A clustered base table (CBT) is a user table that contains data that is organized by using one to four organizing keys. An organizing key is a column of the table that you specify for clustering the table records; the organizing keys are used to group records within the table and save them in the same or nearby extents. Netezza Performance Server also creates zone maps for the organizing columns to accelerate the performance of queries on that table that restrict using the organizing keys.

The following figure shows a simple model of a table, such as a transaction table. In its unorganized form, the data is organized by the date and time that each transaction occurred, and the color indicates a unique transaction. If your queries on the table most often query by date/time restrictions, those queries run well because the date/time organization matches the common restrictions of the queries.
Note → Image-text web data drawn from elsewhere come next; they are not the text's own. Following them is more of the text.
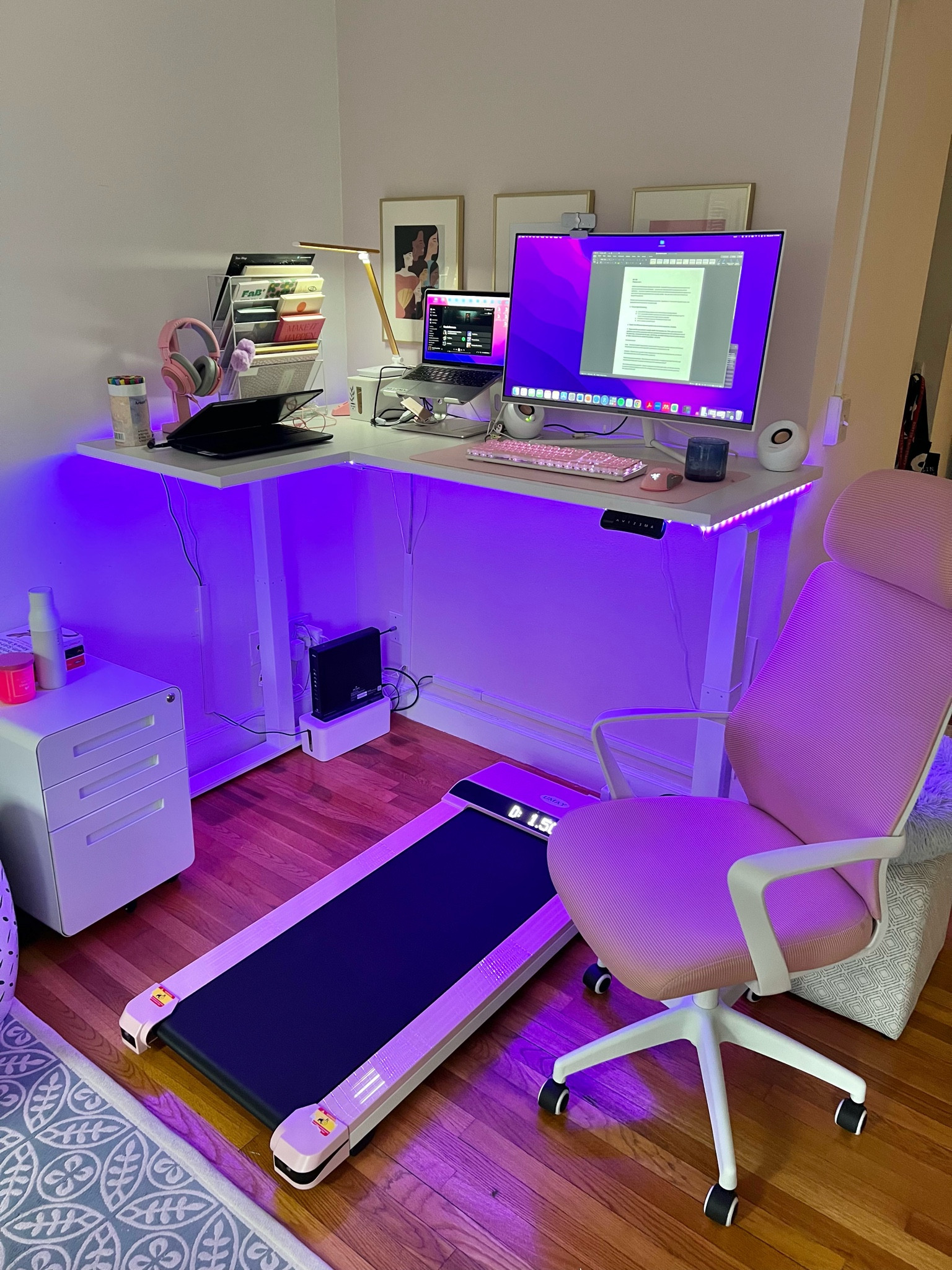 New desk setup with standing desk and walking pad. 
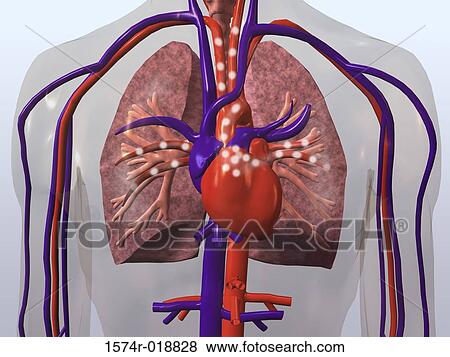 Stock Illustration - Close-up of a human cardiovascular system. Fotosearch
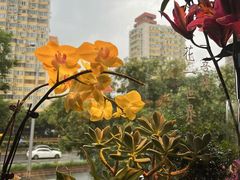 -懒人盐府人家(航天桥店)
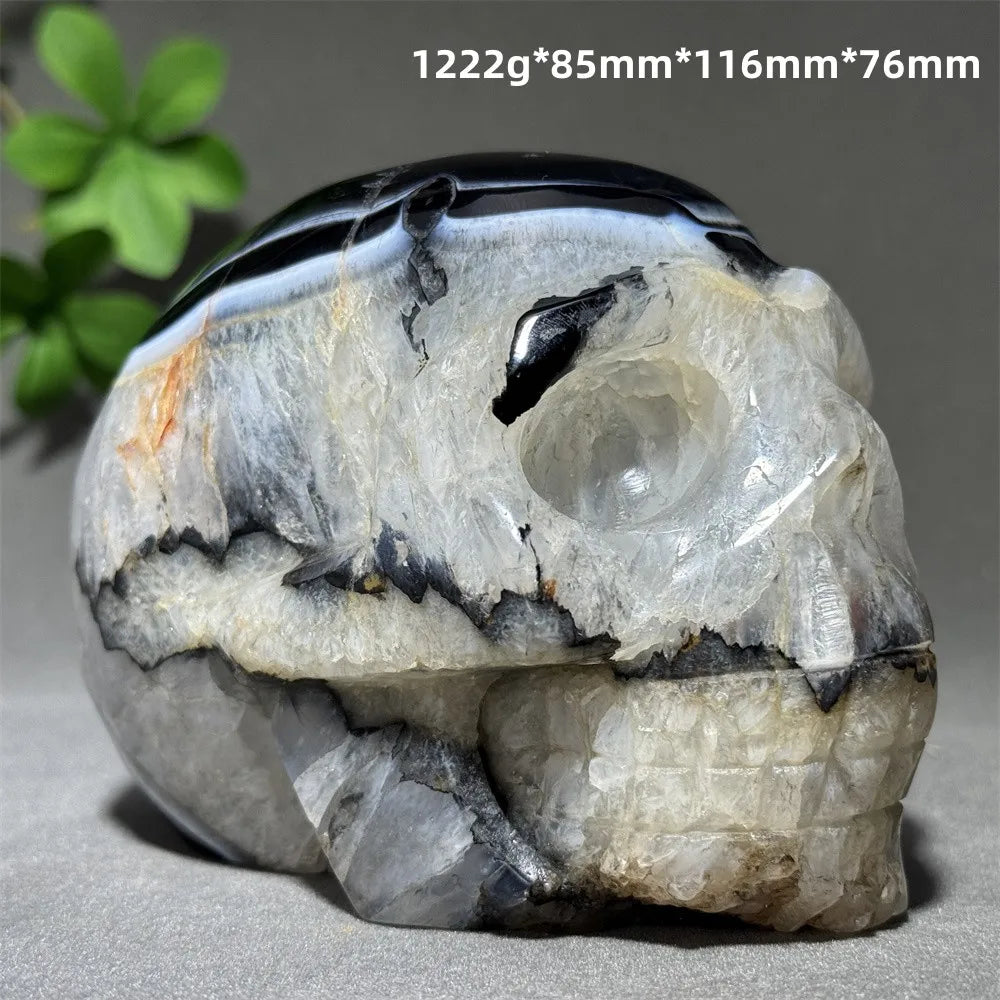 Black Agate Skull-ToShay.org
However, if most queries restrict on transaction type, you can increase query performance by organizing the records by transaction type. Queries that restrict on transaction type will have improved performance because the records are organized and grouped by the key restriction; the query can obtain the relevant records more quickly, whereas they would have to scan much more of the table in the date/time organization to find the relevant transactions. By organizing the data in the table so that commonly filtered data is located in the same or nearby disk extents, your queries can take advantage of zone maps to eliminate unnecessary disk scans to find the relevant records.

Figure 1. Organizing tables with CBTs

CBTs are most often used for large fact or event tables that can have millions or billions of rows. If the table does not have a record organization that matches the types of queries that run against it, scanning the records of such a large table requires a lengthy processing time as full disk scans can be needed to gather the relevant records. By reorganizing the table to match your queries against it, you can group the records to take advantage of zone maps and improve performance.
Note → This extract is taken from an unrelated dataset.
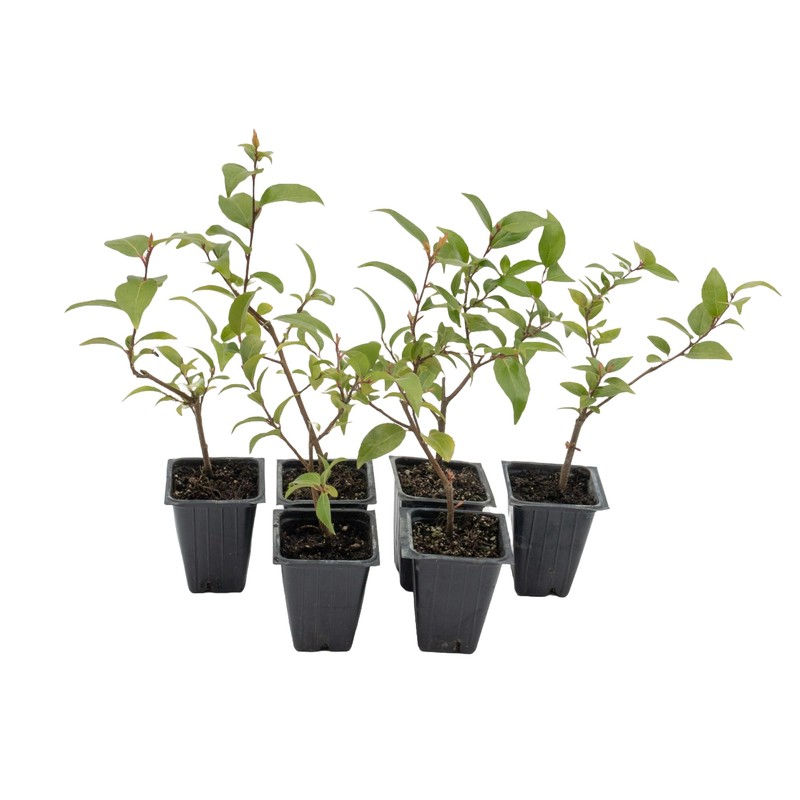 6 Xylosma Congestum, Live Plants – Shiny Xylosma in 2.5”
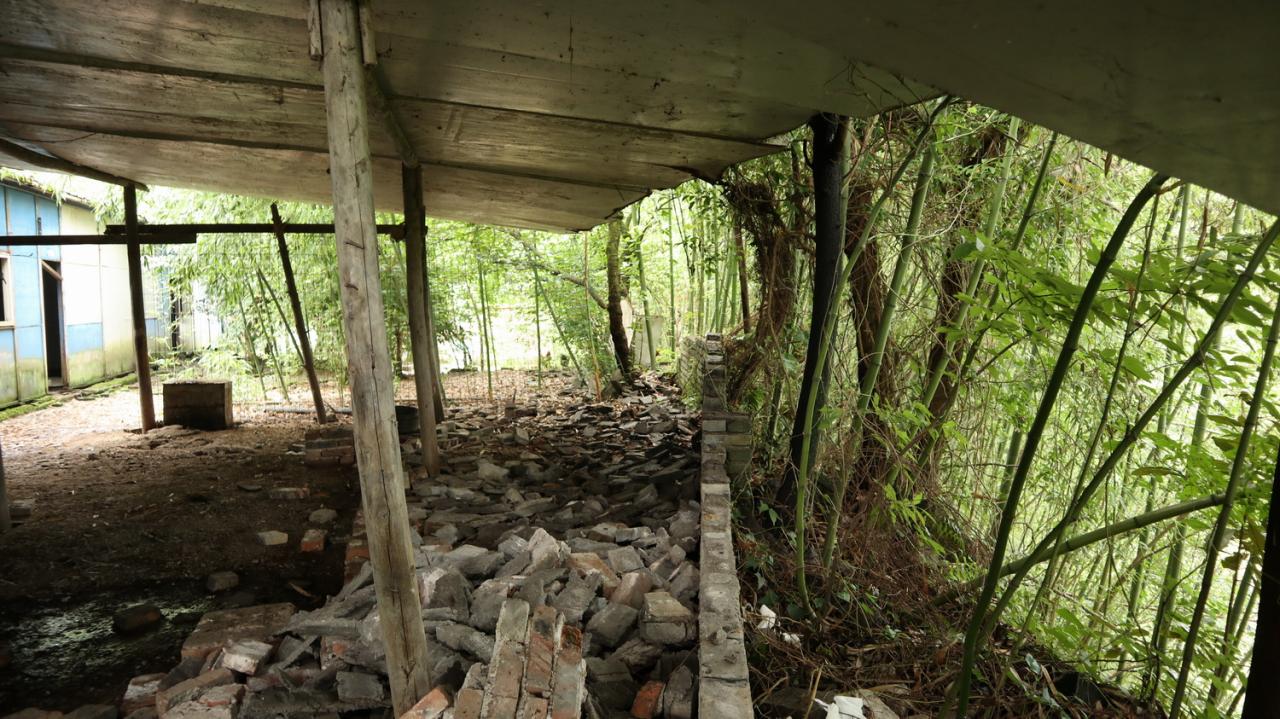 BIM建筑|在半山崖的废弃鸡棚，用峰峦“盖”一座共享工厂 / 时地建筑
CBTs offer several benefits:

  • CBTs support “multi-dimension” lookups where you can organize records by one, two, three, or four lookup keys. In the example that is shown in the previous figure, if your queries commonly restrict on transaction type and store ID, you can organize records by using both of those keys to improve query performance.
  • CBTs improve query performance by adding more zone maps for a table because the organizing key columns are also zone mapped (if the organizing column data type supports zone maps).
  • CBTs increase the supported data types for zone-mapped columns to improve performance for queries that restrict along multiple dimensions.
  • CBTs incrementally organize data within your user tables in situations where data cannot easily be accumulated in staging areas for pre-ordering before insertions/loads. CBTs can help you to eliminate or reduce pre-sorting of new table records before a load/insert operation.
  • CBTs save disk space. Unlike indexes, materialized views and other auxiliary data structures, CBTs do not replicate the base table data and do not allocate more data structures.